Foundations of UX Design — My experience in a graduate UX program.
This is the first post in a series of posts recapping the courses in my UX Design graduate program at the Maryland Institute College of Art.
Date: September 7th — October 12th
Books: Designing for the Digital Age: How to Create Human-Centered Products and Services by Kim Goodwin and How to Make Sense of Any Mess by Abby Covert
Although nothing beats learning it in the real world, there is a business forming around “teaching user experience”. I chose a graduate program but I’m still wondering, “What’s the best way to learn UX”? I’ve asked, and everyone seems to be on the fence.
The Online Experience
My program at MICA is online and will last for 15 months. It’s broken up into ten courses, three residences, and one class a week. My first course, Foundations of UX Design, meets every Wednesday at 7:30pm.
Although we only meet for two and half hours, much of our work is done outside of class, as you’d expect. And much of this work is split between reading and homework exercises.
We used Adobe Connect for class which let all the students in the cohort (a total of 9 including myself) see our professor, view the slides, and chat amongst the group. We took it upon ourselves to create a Facebook and Slack group for ‘out of class’ communication.
Did it work? Yes. Did it work well? Kind of.
Class was fine for the most part after we ironed out the connection and hardware issues. Some nights our screens froze, Some nights our browsers crashed, and some nights our mics were too loud.
Another issue is online etiquette. Nothing beats just simply raising your hand, but you couldn’t do that when your professor is miles away. Adobe Connect offered a number of ways to speak up in class. You could click a “raise hand” button, type your question in the chat box, or simply unmute your mic and speak. But which one do you choose? Which one is appropriate? Most people went to the chat box, but it takes a little longer to type than to speak. When the keyboard was hit accidentally, it informed everyone you were typing, which required the class to pause for the upcoming question that never came.
This only ate away at a little bit of class time here and there, but it definitely added up.
So, did it work? Yes. Did it work well? Kind of. Can you really complain when you’re on your couch going to class, I can’t.
The class was focused around a foundation in UX, and that’s exactly what we covered. We briefly went over user research, information architecture, visual and interaction design, prototyping, and usability testing.
After the course, I did get a firm understanding of things like what a UX designer is, what their goals are, how they communicate, how they work with other team members and stakeholders, and what deliverables they produce. Much of the technical information was learned from the reading. Class was used as an opportunity to reach consensus, not learn new information.
The homework consisted of readings in the book, articles, watching videos, and exercises like creating a user journey map. Our main project for the course involved researching, prototyping, and testing an interactive prototype, which really solidified the idea of design being a process. This wasn’t elaborate by any means — this was just a 6 week course. We picked from pre-selected sites, used coworkers and friends as users and testers, and made a very simple prototype.

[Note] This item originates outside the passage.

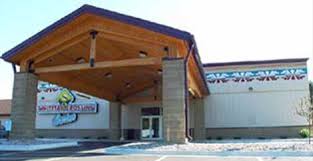 Ho-Chunk Gaming Tomah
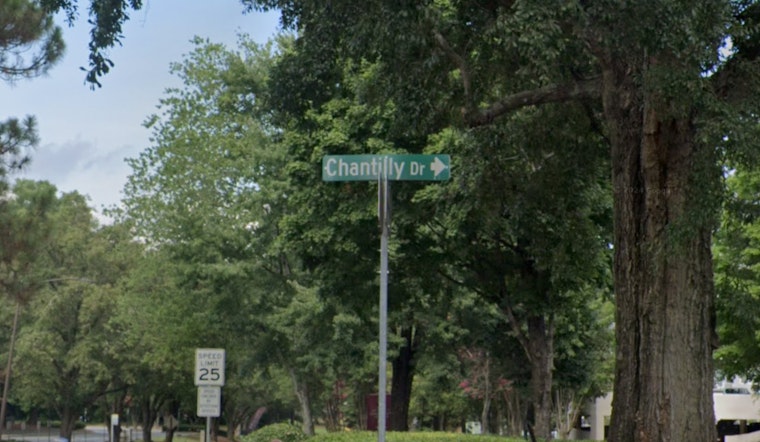 Brookhaven Police Chase Ends in Arrest of Car Break-In Suspect with Concealed Weapon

We were tasked with picking a website, picking content on that website, performing a card sorting exercise, generating a sitemap with the results, creating a prototype from the sitemap, and testing that prototype with users. Having recently come back from a backpacking trip on the AT, I went with REI.com.
Here is a recap of my project.
We needed to pick 30–40 pieces of content since this was a manual card sorting exercise. I chose to pick content from the “Camp and Hike” section of the site because the content was similar enough to be related but still categorizable, and I could test out the current sub-sections that REI chose.
Here are the tools that I used. Our card sorts were in-person with index cards but I needed to use OptimalSort to get a couple more participants. We were advised to use Axure which has a free student license, but I chose to use Framer JS.
To test, I gave my participants a small list of items and observed if they were able to find them or not. The results weren’t that accurate for a whole host of factors, but I learned a lot from the process. I learned a lot from getting in front of real people, watching, observing, and asking.
Being a UX designer isn’t about any one deliverable. It’s involves a range of communication tools to bridge the goals of the user and the business. It’s data driven yet humanistic. Designs can be quantifiably successful but learning why a design failed through in-person user research can’t be boiled down to any one metric.
If you’re on the fence about how to learn UX, I can’t tell you which side is right. I do suggest you figure out your goals, and try be descriptive. What sorts of projects do you want to work on? What type of team do you want to work with? What resources do you have currently or can acquire, and will they help you achieve those goals? Figure out where you stand and then read on about my experience.
I hope these posts will give you insight into my UX program, what a graduate UX program can offer, and if those benefits can help you achieve your goals.